[Opening Extracted records section]

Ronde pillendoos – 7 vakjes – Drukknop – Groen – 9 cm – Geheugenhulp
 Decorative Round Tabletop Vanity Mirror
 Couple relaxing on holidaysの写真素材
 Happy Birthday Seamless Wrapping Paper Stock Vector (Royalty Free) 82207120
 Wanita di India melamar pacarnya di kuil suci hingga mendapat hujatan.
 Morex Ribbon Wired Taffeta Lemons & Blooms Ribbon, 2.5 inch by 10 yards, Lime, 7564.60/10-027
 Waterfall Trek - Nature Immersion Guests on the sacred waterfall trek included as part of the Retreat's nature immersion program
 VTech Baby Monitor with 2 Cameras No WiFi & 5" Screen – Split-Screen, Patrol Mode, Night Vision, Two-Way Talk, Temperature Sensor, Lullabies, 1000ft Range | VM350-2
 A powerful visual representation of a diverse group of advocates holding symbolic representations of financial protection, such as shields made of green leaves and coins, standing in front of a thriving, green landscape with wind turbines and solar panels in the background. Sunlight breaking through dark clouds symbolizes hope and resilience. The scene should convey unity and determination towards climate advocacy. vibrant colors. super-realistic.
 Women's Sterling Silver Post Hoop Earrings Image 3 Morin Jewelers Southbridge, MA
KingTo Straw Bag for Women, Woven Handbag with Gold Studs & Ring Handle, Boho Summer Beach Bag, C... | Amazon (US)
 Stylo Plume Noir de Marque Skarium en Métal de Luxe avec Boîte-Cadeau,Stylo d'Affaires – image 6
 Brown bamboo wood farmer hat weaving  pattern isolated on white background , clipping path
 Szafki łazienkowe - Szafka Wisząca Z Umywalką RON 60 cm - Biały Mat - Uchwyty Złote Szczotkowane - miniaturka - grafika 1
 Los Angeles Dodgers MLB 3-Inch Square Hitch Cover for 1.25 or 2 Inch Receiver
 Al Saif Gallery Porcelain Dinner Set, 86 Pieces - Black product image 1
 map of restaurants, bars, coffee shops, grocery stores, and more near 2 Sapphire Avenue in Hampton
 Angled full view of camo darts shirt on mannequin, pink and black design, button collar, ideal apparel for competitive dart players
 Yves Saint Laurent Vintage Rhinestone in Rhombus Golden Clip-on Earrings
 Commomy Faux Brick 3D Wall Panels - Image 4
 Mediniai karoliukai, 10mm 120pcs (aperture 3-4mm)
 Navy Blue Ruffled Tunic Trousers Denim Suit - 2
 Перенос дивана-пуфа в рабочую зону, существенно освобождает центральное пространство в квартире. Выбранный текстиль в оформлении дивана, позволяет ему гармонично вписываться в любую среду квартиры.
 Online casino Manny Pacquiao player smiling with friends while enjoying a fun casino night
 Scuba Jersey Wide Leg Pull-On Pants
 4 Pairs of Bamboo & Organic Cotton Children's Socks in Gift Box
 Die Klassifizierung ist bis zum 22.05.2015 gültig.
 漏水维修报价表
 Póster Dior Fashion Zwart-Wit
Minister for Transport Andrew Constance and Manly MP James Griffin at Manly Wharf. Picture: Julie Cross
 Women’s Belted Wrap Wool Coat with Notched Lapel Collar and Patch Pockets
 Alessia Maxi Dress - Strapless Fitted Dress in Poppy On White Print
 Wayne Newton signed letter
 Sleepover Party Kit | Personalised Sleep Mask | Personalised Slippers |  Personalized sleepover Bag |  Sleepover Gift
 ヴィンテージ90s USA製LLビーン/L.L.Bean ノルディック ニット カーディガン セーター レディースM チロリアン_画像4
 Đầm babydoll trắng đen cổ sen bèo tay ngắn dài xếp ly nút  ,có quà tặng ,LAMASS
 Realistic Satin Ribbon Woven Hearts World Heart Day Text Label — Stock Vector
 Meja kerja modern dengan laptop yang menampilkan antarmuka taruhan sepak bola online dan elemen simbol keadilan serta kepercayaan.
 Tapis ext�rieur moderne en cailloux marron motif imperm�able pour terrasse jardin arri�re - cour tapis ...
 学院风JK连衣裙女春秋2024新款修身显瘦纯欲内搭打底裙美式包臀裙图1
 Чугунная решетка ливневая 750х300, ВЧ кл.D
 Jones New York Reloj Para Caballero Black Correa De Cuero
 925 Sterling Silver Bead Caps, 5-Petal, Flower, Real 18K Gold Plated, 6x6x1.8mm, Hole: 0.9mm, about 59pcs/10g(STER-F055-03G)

[Closing Extracted records section]

Exercise.
Wherever the word "Sterling" appears in the records above, copy that line.

Written solution.
 Women's Sterling Silver Post Hoop Earrings Image 3 Morin Jewelers Southbridge, MA
 925 Sterling Silver Bead Caps, 5-Petal, Flower, Real 18K Gold Plated, 6x6x1.8mm, Hole: 0.9mm, about 59pcs/10g(STER-F055-03G)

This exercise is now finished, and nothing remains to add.